The idea of America as a land of unbound self-invention is not new — F. Scott Fitzgerald captured that in “The Great Gatsby.” America is about forgetting, hence the extravagance of its creations. Still, Trump’s self-invention is remarkable for its scale and depravity — the way he grasped how hyper-individualism, the money culture, simmering anger, and the collapse of the line between truth and falsehood could be channeled into a victorious presidential campaign. How, in short, he could become the orange icon of the Age of the Unicorn.
The great parable of our age is John Carreyrou’s “Bad Blood,” a remarkable account of how a 20-something Stanford dropout, Elizabeth Holmes, built a company called Theranos that fooled everyone with a supposedly transformational method to test blood. Holmes’ pinprick testing that would do away with the hypodermic needle never worked. It was fakery.
There was no there there in Theranos, ever.
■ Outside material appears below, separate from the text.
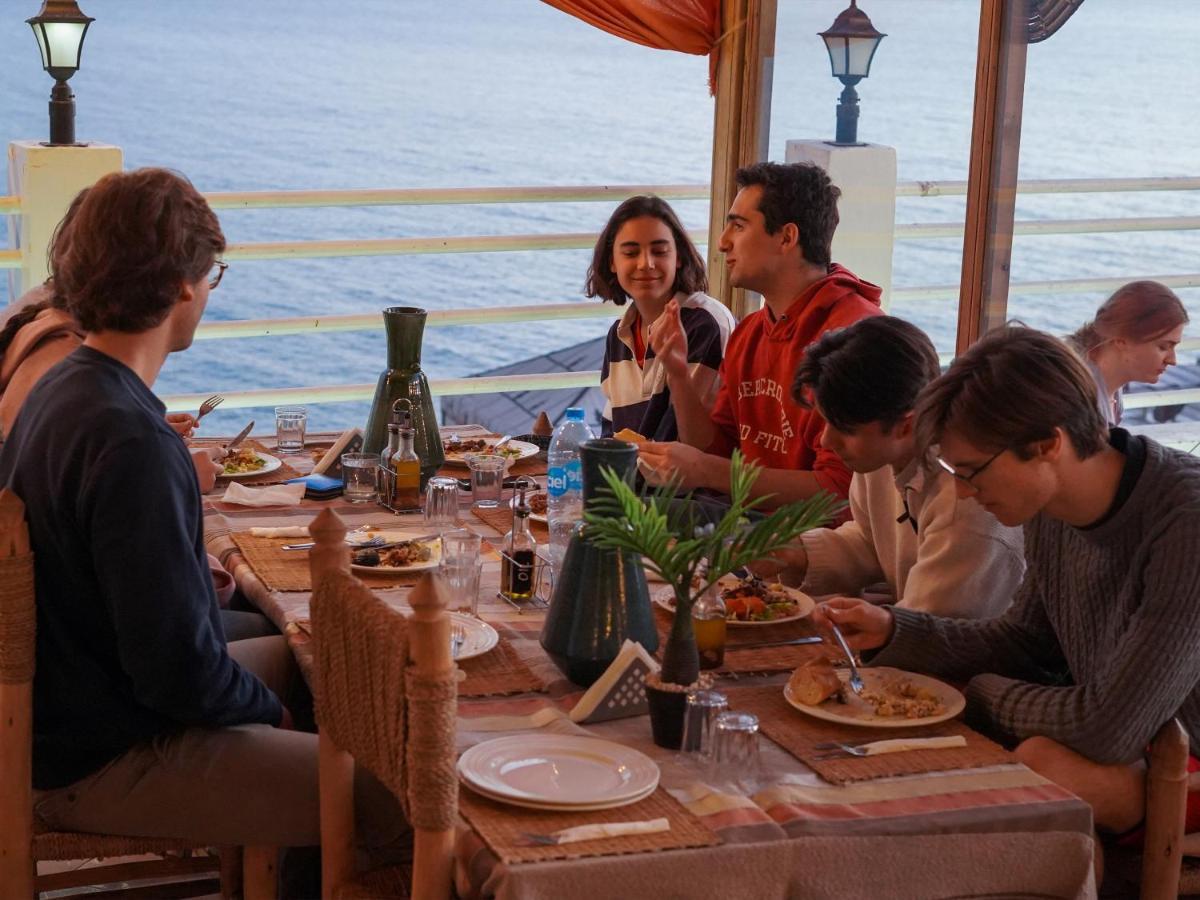 Готель Locals Taghazout Surfcamp Екстер'єр фото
There was only Holmes with her strange baritone parlaying zilch into a company once valued at an estimated $9 billion. She entranced a kind of American Who’s Who — including George Shultz, Jim Mattis and Henry Kissinger. Theranos was the ultimate “unicorn” — the term coined in 2013 by the venture capitalist Aileen Lee to describe the several dozen software startups launched since 2003 and valued at $1 billion or more, companies that avoid the scrutiny of going public while raising vast sums.
Belief in the Theranos unicorn split families. Shultz clashed with his grandson, Tyler Shultz, who became a whistleblower after working at Theranos. It also crossed party lines: President Barack Obama appointed Holmes as a presidential ambassador for global entrepreneurship. Joe Biden called Theranos “the laboratory of the future.” Holmes spoke — with Chelsea Clinton beside her — at a 2016 fundraiser for the Clinton campaign.
Myth and manipulation turned Holmes into a billionaire. She incarnated America’s collective hallucination and corruption, its vertiginous loss of bearings.
Theranos collapsed thanks to Carreyrou’s Wall Street Journal reporting. The Security and Exchange Commission charged Holmes with “massive fraud” (she settled), and the U.S. Attorney’s Office for the Northern District of California indicted her on federal wire fraud and other charges.
So much for that unicorn. Brexit, another, endures for now.
The unicorn, let’s recall, is a legendary creature believed over centuries to exert miraculous powers, particularly through its horn that — as amulet or powdered — was thought to work as a prophylactic or antidote. Leonardo da Vinci wrote that only “fair maidens” could appease the unicorn’s ferocity. The unicorn never existed. It was collective fantasy. That did not make belief in it less tenacious.
We now have a full accounting of the unicorn-in-chief’s world. I fear he still has America in his thrall.